On February 21, 2023, the United States Copyright Office (USCO) extended protection for creative works using AI-generative tools by granting limited copyright protection for Kristina Kashtanova’s comic book, Zarya of the Dawn. The USCO found that in its application of the Feist test[1], the text contained more than the required level of “modicum of creativity” and was thus registrable.[2] As such, although the individual comic panels were not found to be copyright protected, Kashtanova’s authorship was.[3]

            This finding by the United States Copyright Office was surprising given how narrowly it ruled previously in similar cases. In Thaler v. Perlmutter for example, the DC District Court there ruled against the creator of an AI art generating tool that accepted written prompts, holding that “human authorship is a bedrock requirement of copyright.”[4] In Naruto v. Slater, Naruto, a macaque monkey, took a photographer’s camera to take several selfies. After the photographer published a book with the selfies, PETA filed a next friends suit on behalf of Naruto. The 9th Circuit Court of Appeals ruled against Naruto, interpreting the Copyright Act to apply only to humans.[5]

            The USCO ruled ambiguously that AI generated art is copyrightable if there is “sufficient amount of original authorship.”[6] For Kashtanova’s comic, the USCO found one defining characteristic in Zarya of the Dawn that warranted copyright protection: her conscious arrangement of the AI-generated art. The USCO stated in its letter to Kashtanova’s attorney that it found her “selection and arrangement of images and texts” as protectable in compilation.[7]
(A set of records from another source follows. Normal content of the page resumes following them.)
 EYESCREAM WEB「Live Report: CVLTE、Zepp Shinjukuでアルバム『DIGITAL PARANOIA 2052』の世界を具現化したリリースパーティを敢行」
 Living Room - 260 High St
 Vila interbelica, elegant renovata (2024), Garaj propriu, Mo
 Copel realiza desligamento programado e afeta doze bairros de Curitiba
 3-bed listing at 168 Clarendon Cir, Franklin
            In contrast, however, it did not find her copyright claims to some of the comic panels sufficient. The Compendium of U.S. Copyright Office Practices (Third Edition) states that sufficient modifications, edits, or revisions to otherwise unprotected material may amount to copyright protection.[8] Although Kashtanova made edits to some of the AI-generated images in Photoshop (characters’ mouth shapes, shading, age lines)[9], these were deemed as insufficient for copyright protection. The USCO emphasized the significant distance between the written prompt entered into Midjourney, the AI art generating tool used by Kashtanova, and the produced image. “Midjourney users lack sufficient control over generate images to be treated as the ‘master mind’ behind them.”[10]
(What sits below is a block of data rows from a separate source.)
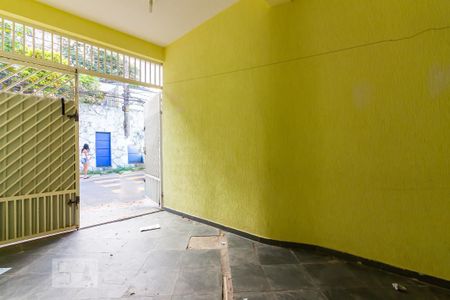 Casa à venda com 555m², 2 quartos e 1 vagaGaragem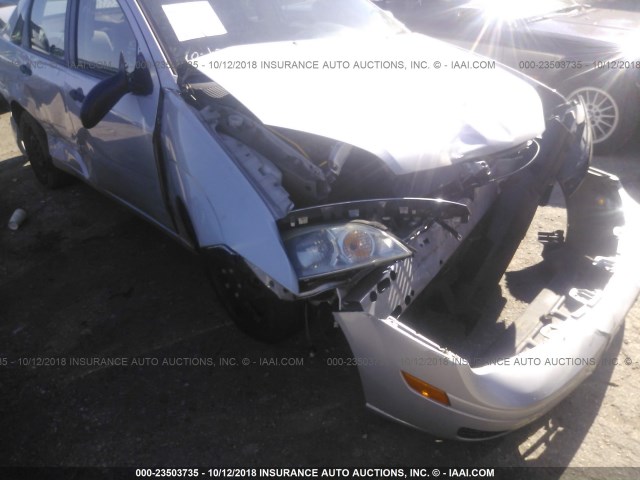 1FAHP34N27W207198 - 2007 FORD FOCUS ZX4/S/SE/SES 银色 照片 6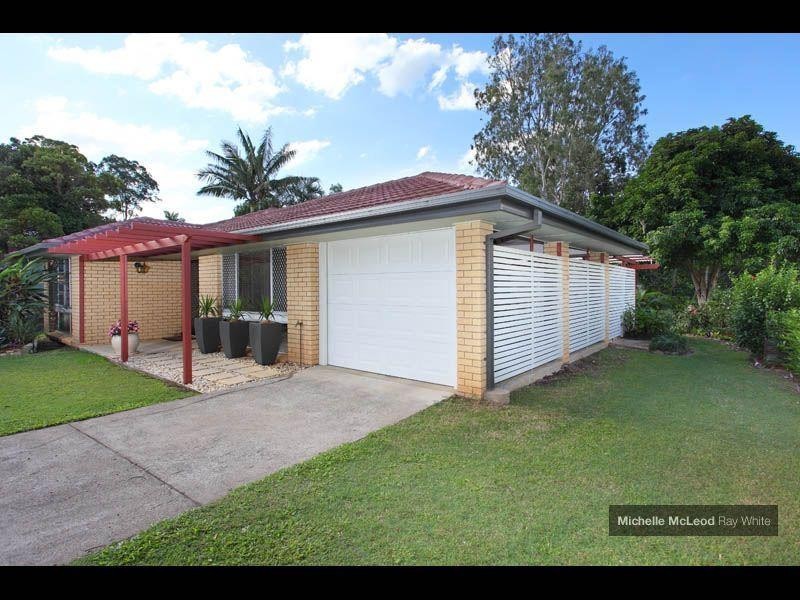 9 Moondarra Street, Chapel Hill QLD 4069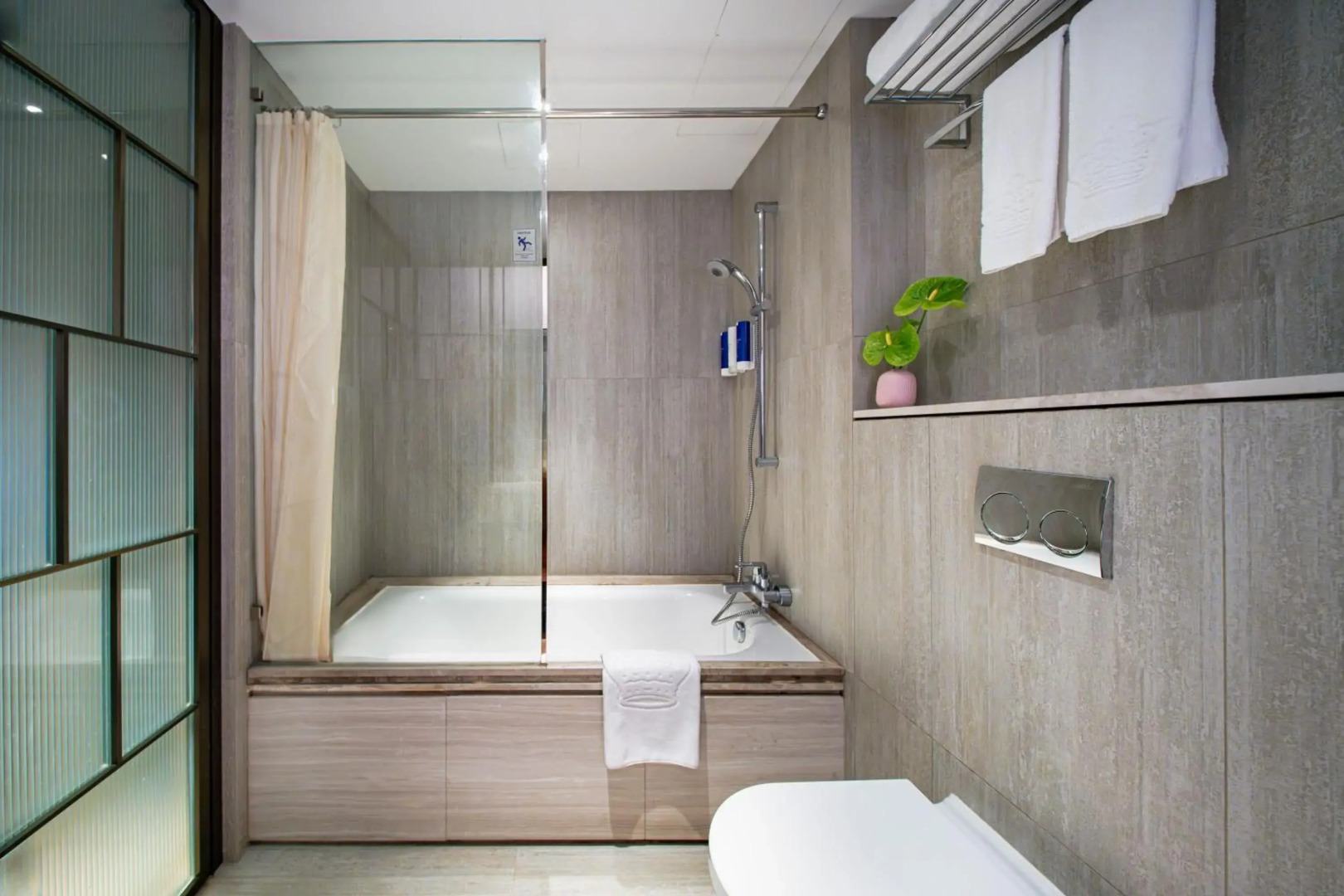 Photo - The Emperor Hotel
[1] See Feist Publ’ns, Inc. v. Rural Tel. Serv. Co., 499 U.S. 340, 361 (1991).

[2] Letter from Robert J. Kasunic, United States Copyright Office, to Van Lindberg, Re: Zarya of the Dawn (Registration # Vau001480196) at 4 (Feb. 21, 2023) (on file with U.S. Copyright Office) (https://copyright.gov/docs/zarya-of-the-dawn.pdf).

[3] Id. at 1.

[4] Thaler v. Perlmutter, No. 22-1564 (BAH), 2023 U.S. Dist. LEXIS 145823, at *11.

[5] Naruto v. Slater, 888 F.3d 418, 426 (9th Cir. 2017).

[6] Kasunic, supra note 2.

[7]  Id. 

[8] U.S. Copyright Office, Compendium of U.S. Copyright Office Practices § 313.2 (3d ed. 2021).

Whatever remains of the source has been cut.